Individual. The results are shown in Table 1. The largest cause of inductance fluctuation is the variation in core gap value. The standard deviation σ of the inductance is larger in the example A than in the comparative example, but in the example B in which the particle diameters are uniform, it is rather smaller than that in the comparative example.

[0007]

[Table 1]

[0008]

According to the present invention, it is possible to include the step of forming the core gap in the core assembling work by hardening the adhesive, which simplifies the manufacturing process of the coil component and reduces the manufacturing cost. You can

[Brief description of drawings]

FIG. 1 is an example of a cross-sectional view of a core joint surface in which a core gap is formed by applying an adhesive obtained by kneading spherical particles to the core joint surface and curing the adhesive according to the present invention.

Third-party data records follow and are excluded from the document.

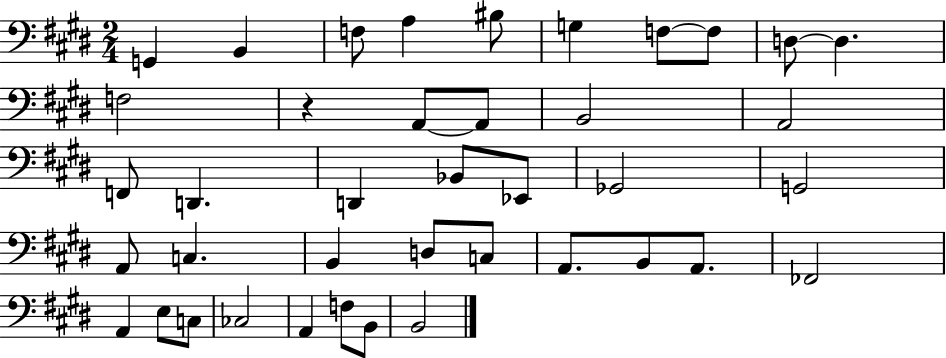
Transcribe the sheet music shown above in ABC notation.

X:1
T:Untitled
M:2/4
L:1/4
K:E
G,, B,, F,/2 A, ^B,/2 G, F,/2 F,/2 D,/2 D, F,2 z A,,/2 A,,/2 B,,2 A,,2 F,,/2 D,, D,, _B,,/2 _E,,/2 _G,,2 G,,2 A,,/2 C, B,, D,/2 C,/2 A,,/2 B,,/2 A,,/2 _F,,2 A,, E,/2 C,/2 _C,2 A,, F,/2 B,,/2 B,,2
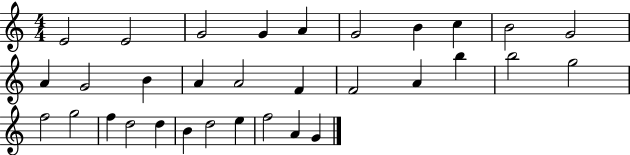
{
  \clef treble
  \numericTimeSignature
  \time 4/4
  \key c \major
  e'2 e'2 | g'2 g'4 a'4 | g'2 b'4 c''4 | b'2 g'2 | \break a'4 g'2 b'4 | a'4 a'2 f'4 | f'2 a'4 b''4 | b''2 g''2 | \break f''2 g''2 | f''4 d''2 d''4 | b'4 d''2 e''4 | f''2 a'4 g'4 | \break \bar "|."
}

FIG. 2 is an example of spindle-shaped particles as particles to be kneaded with an adhesive according to the present invention.

FIG. 3 is an example of spheroidal particles as particles to be kneaded with an adhesive according to the present invention.

FIG. 4 is an example of particles (rods) not used in the present invention.

FIG. 5 is a cross-sectional view of a core joining surface of a conventional example in which a core gap is formed by using a spacer.

FIG. 6 is an external perspective view of a set of conventional EI cores in which a core gap is formed by providing a center gap in the middle leg of the E core.

[Explanation of symbols]

 1 particle 2 core 3 adhesive

Claims (1)

[Claims] 1. In a coil component formed by combining a plurality of ferrite cores, a large number of spherical, spindle-shaped or spheroidal particles having a uniform particle size are kneaded with an adhesive, and the resulting ferrite core is used. A coil characterized by forming a core gap by applying the adhesive to each other's joint surfaces and then curing the adhesive in a state where a plurality of ferrite cores are in close contact with each other to bond the ferrite cores together. Manufacturing method of parts.